4 - Memórias do Cárcere - Graciliano Ramos: começa de forma um tanto cômica e vai
rapidamente ganhando contornos obscuros, a detenção e o posterior encarceramento em diversos estabelecimentos prisionais faz de Graciliano uma figura inteiramente kafkaniana: até a maldição da "obra inacabada" pesa igualmente sobre estas "Memórias". Preso sem processo, ele se pergunta qual a justificativa para tanto, provavelmente alguma afinidade com o comunismo (sou escritor de romances "sociais", raciocina Graciliano, e, por associação, também torno-me um suposto propagador do "socialismo/comunismo"). O livro transborda de ocorrências antológicas (veja-se, por exemplo, o capítulo três da parte II ou o capítulo vinte e seis da parte III; o capítulo dezoito da parte II é uma descrição digna de um Kafka, digo isto sem exageros). Dá muito caldo para um ensaio sociológico.

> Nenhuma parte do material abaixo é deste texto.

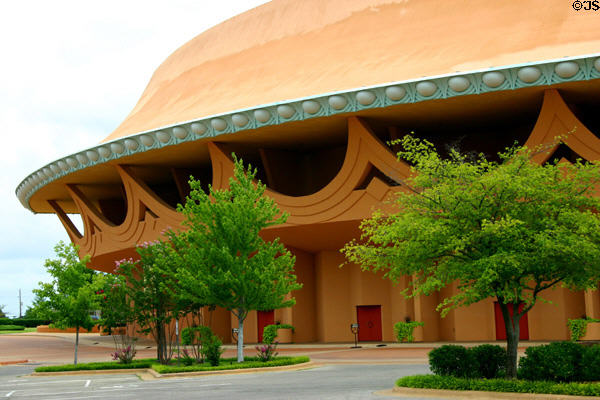 Exterior details of round Bartlesville Community Center. Bartlesville, OK.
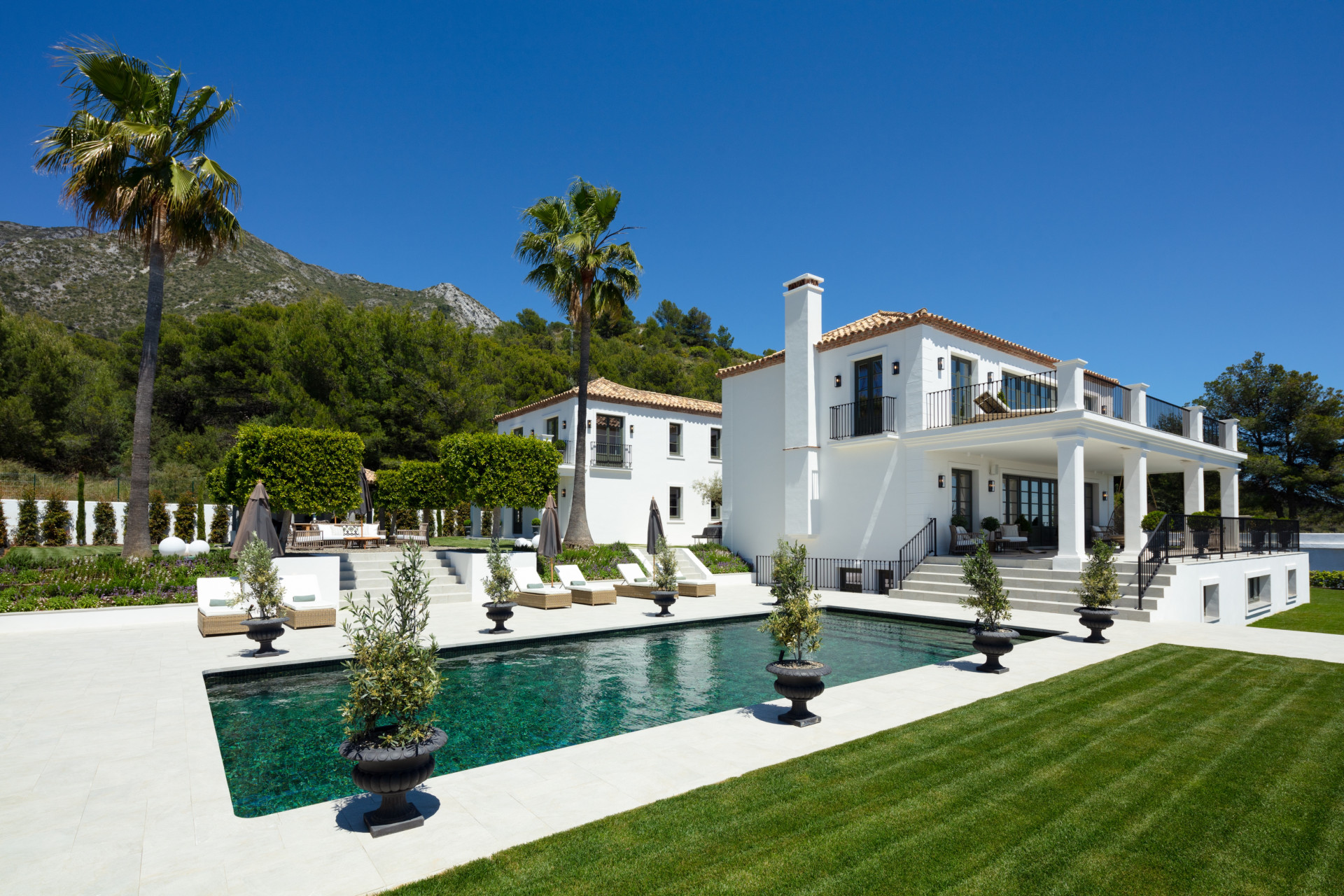 6 Bed - Villa for Sale in Sierra Blanca, Marbella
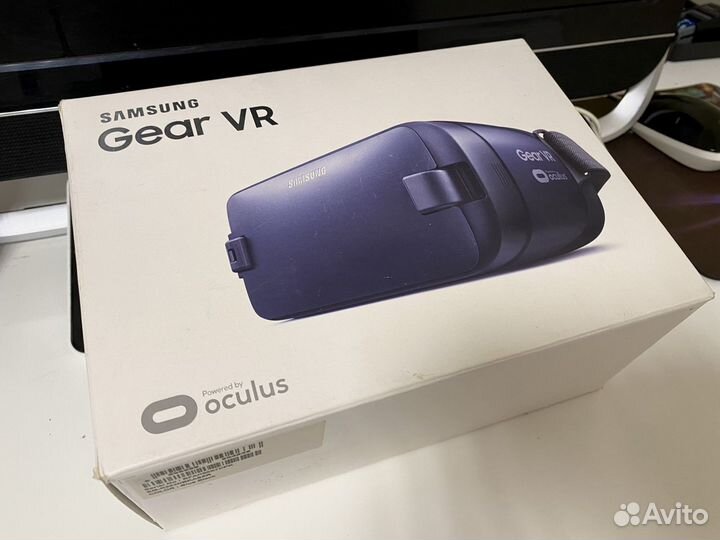 Очки виртуальной реальности samsung Gear VR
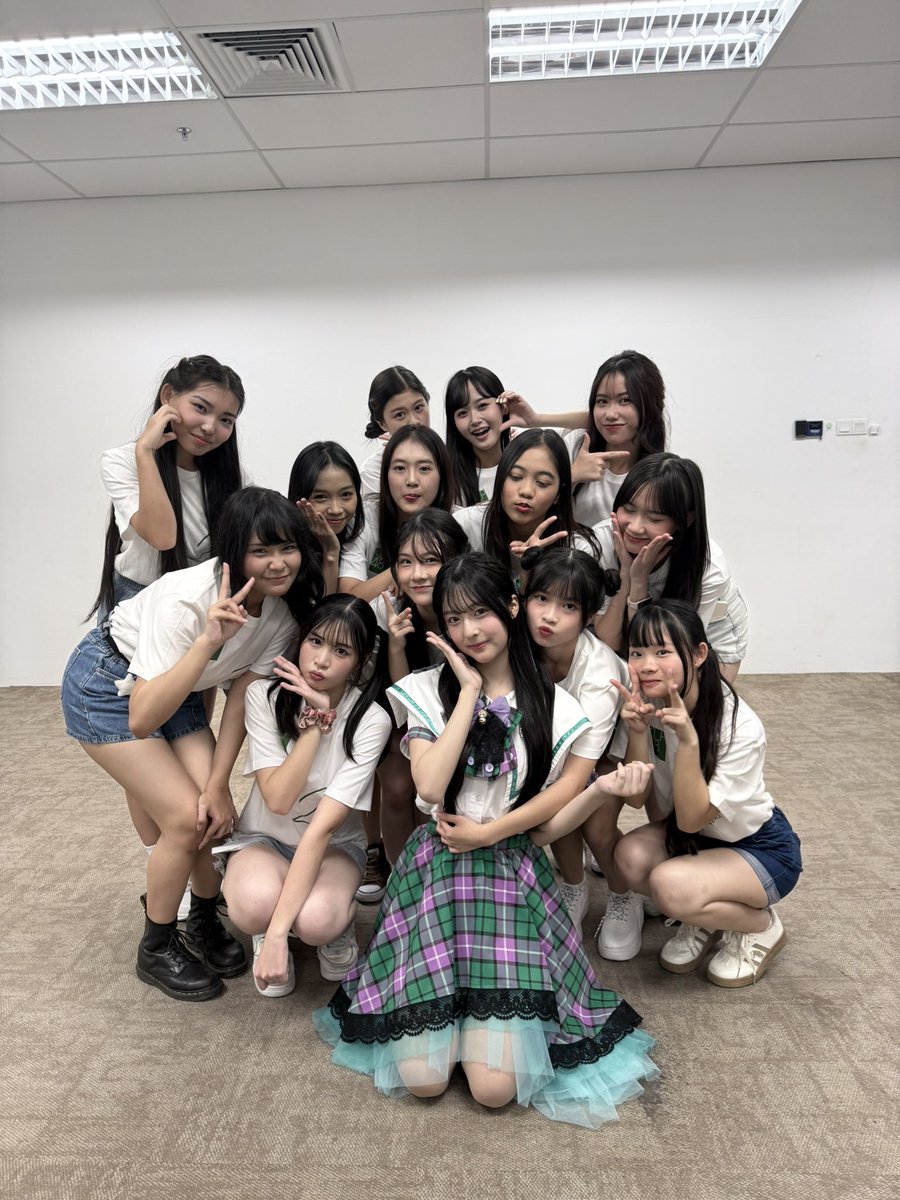 Hillary₊˚⊹♡ tweet media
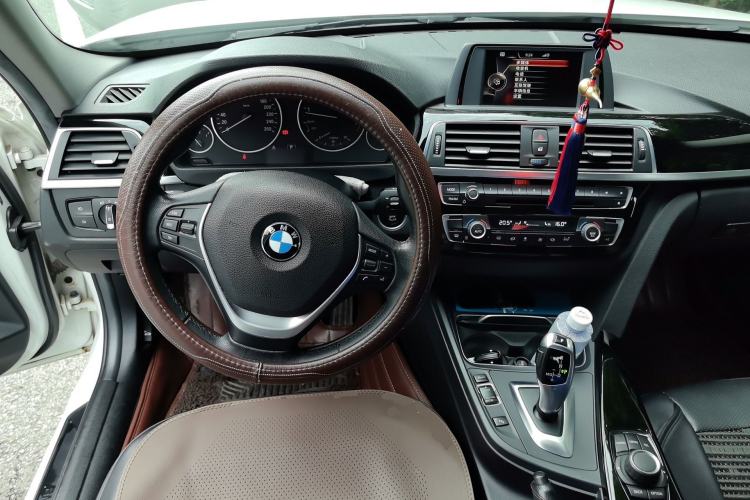 Used BMW 3 Series 2016 316Li Fashion Model Steering Wheel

5 - Miss Lonelyhearts - Nathanael West: aqui é mais do que a "ironia engraçadinha", West é puro humor desiludido; um dos pouquíssimos romances americanos onde a situação tradicional se inverte: é a risada que fica ridícula perto da tristeza e não vice-versa. As figuras e trejeitos grotescos de coaching e grupos de auto-ajuda "espiritualizados" são todas antecipadas neste romance fininho de 1933. O saudoso Rubem Fonseca escreveu um conto em homenagem a West, intitulado "Corações Solitários", presente na coletânea de contos
Feliz Ano Novo.
Mais tarde posto as leituras de saldo negativo.